Let's see another aspect of Neut's memory management. The compiler can sometimes optimize away memory allocation thanks to its static nature. Consider the following code:

data int-list {
| Nil
| Cons(int, int-list)
}

// [1, 5, 9] => [2, 6, 10]
define increment(xs: int-list): int-list {
  match xs {
  | Nil =>
    Nil
  | Cons(x, rest) => // ← "the `Cons` clause"
    let foo = add-int(x, 1) in
    let bar = increment(rest) in
    Cons(foo, bar)
  }
}

The expected behavior of the Cons clause would be something like the following:

  1. obtain x and rest from xs
  2. free the outer tuple of xs
  3. calculate foo (= add-int(x, 1)) and bar (= increment(rest))
  4. allocate memory region using malloc to represent Cons(foo, bar)
  5. store the calculated values to the pointer and return it

However, the compiler knows the following two facts during compilation:

  • The size of outer tuples of Cons(x, rest) and Cons(foo, bar) are the same
  • The outer tuple of Cons(x, rest) will never be used after extracting its contents

Thanks to this knowledge, the compiler can optimize away a pair of free and malloc, as follows:

  1. obtain x and rest from xs
  2. calculate foo (= add-int(x, 1)) and bar (= increment(rest))
  3. store the calculated values to xs (overwrite)

When a free is required, the compiler looks for a malloc in the continuation that is the same size and optimizes away such a pair if one exists. The resulting assembly code thus performs in-place updates.

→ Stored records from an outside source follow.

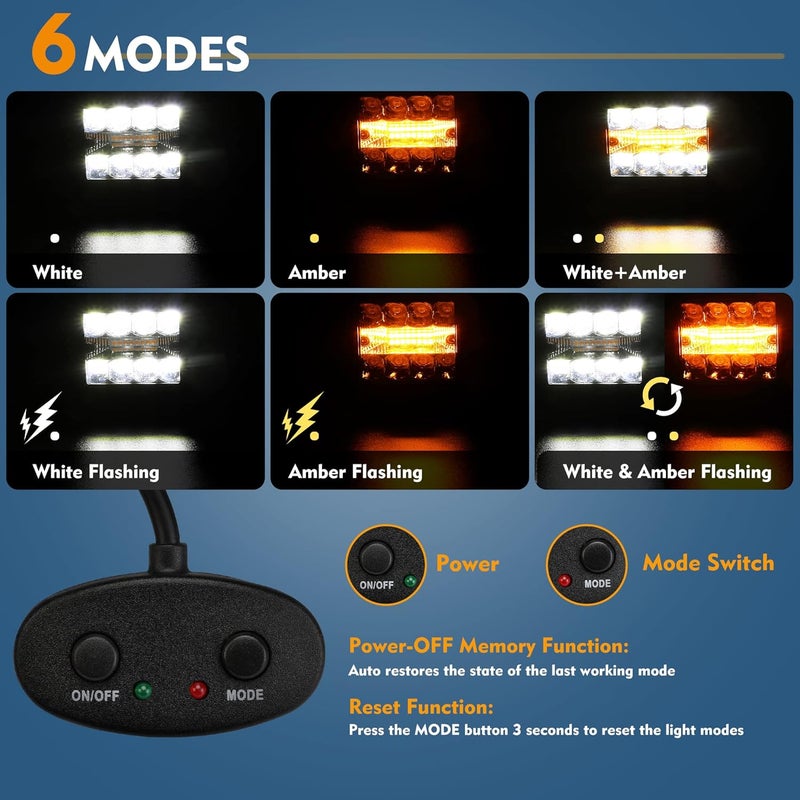 EverBrite 2PCS 48W LED Light Pods with 6 Modes and Memory Function for Off-Road Use - Image 2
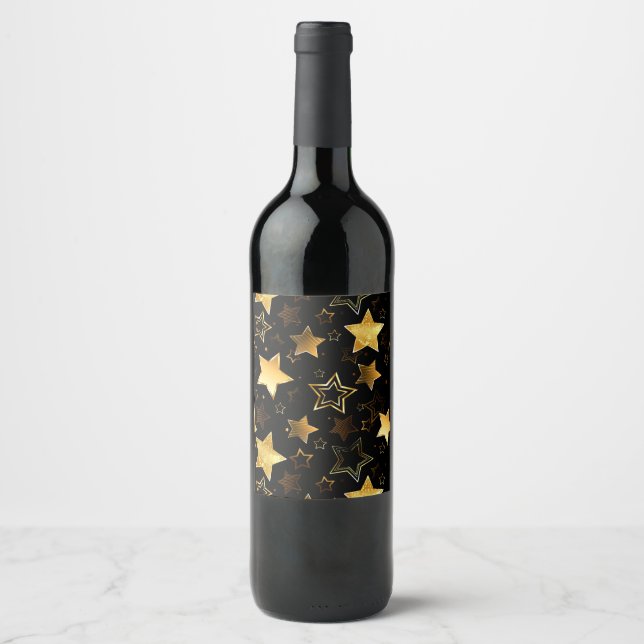 Seamless pattern with Golden Stars Wine Label (Front)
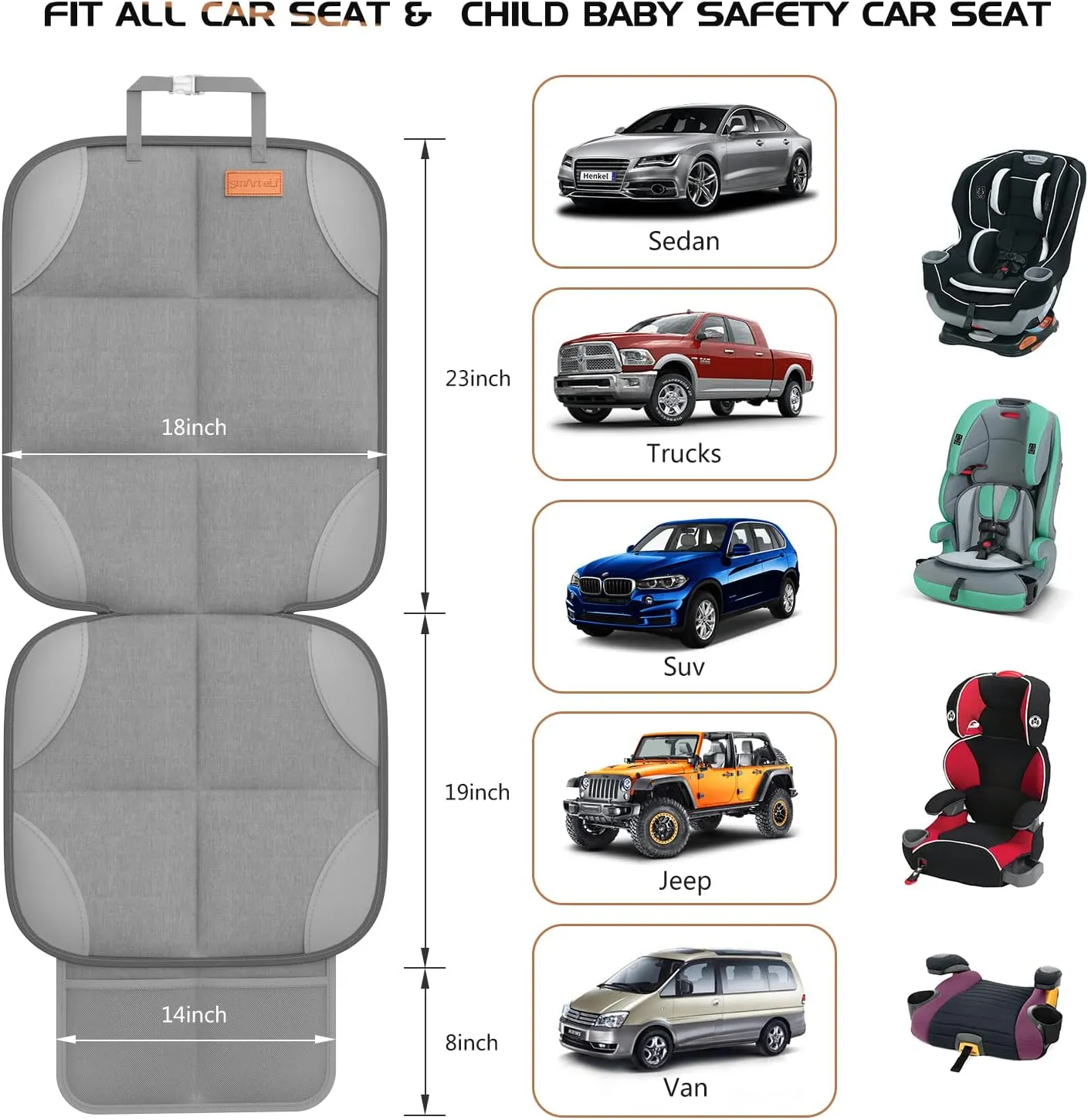 1 Pack Car Seat Protector - 600D Fabric Waterproof Carseat Protector with Thickly Padded & 2 Storage Pockets to Protect Your Car Seats from Child Seats and Pets (Light Grey)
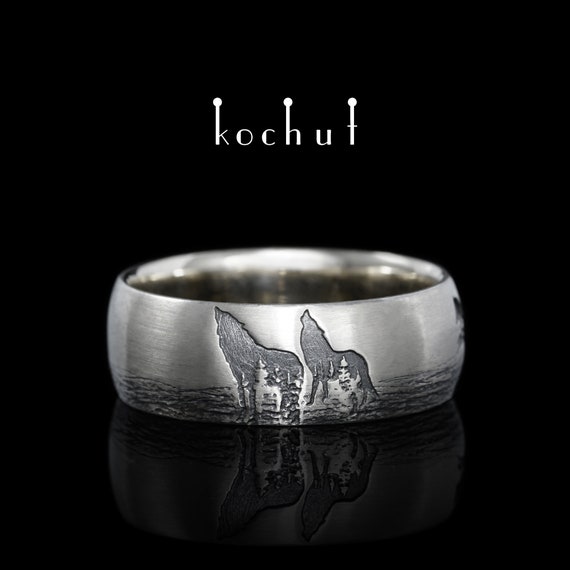 Anillo de lobo anillo para parejas. Anillo celta de bodas con lobos. Diseno unico. Hecho a mano por Kochut de Ucrania Etsy Espana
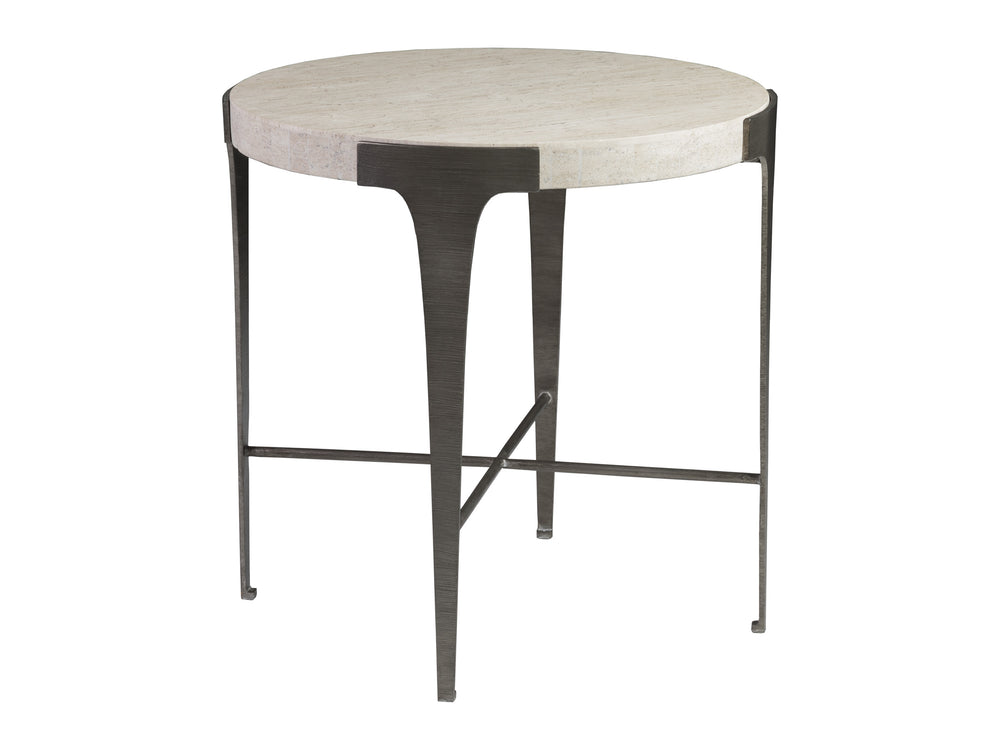 Lexington Artistica Home Cachet Round End Table - Exquisite Steel Base With Unique White Vein Travertine Top For Chic Spaces Silver Leaf Wood 2271-953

How Effective Is This Optimization?

Below is the result of benchmarking of a bubble sorting program. This test creates a random list of length N and performs bubble sort on the list.

allocation canceling

This benchmark executes the following sort function:

data int-list {
| My-Nil
| My-Cons(int, int-list)
}

nominal {
  _insert(v: int, xs: int-list): int-list,
}

// 🌟
inline _swap-gt(cond: bool, v: int, x: int, xs: int-list): int-list {
  if cond {
    My-Cons(x, _insert(v, xs))
  } else {
    My-Cons(v, My-Cons(x, xs))
  }
}

define _insert(v: int, xs: int-list): int-list {
  match xs {
  | My-Nil =>
    My-Cons(v, My-Nil)
  | My-Cons(y, ys) =>
    _swap-gt(gt-int(v, y), v, y, ys)
  }
}

define sort(xs: int-list, acc: int-list): int-list {
  match xs {
  | My-Nil =>
    acc
  | My-Cons(y, ys) =>
    sort(ys, _insert(y, acc))
  }
}

The above is the "faster" implementation of bubble sorting in Neut. The key person is _swap-gt. The above code defines _swap-gt as an inline function. Therefore, in _insert, the definition of _swap-gt is expanded, which makes allocation canceling of My-Cons in _insert possible.

The "slower" implementation can be obtained by replacing inline at the 🌟 with define. In this implementation, since the definition of _swap-gt can't be expanded in _insert, allocation canceling of My-Cons in _insert is not possible.

I also added the result of Haskell just for reference.

Additional notes:

  • You can find the source files used in this benchmark here.
  • I used my M1 Max MacBook Pro (32GB) to run this benchmark.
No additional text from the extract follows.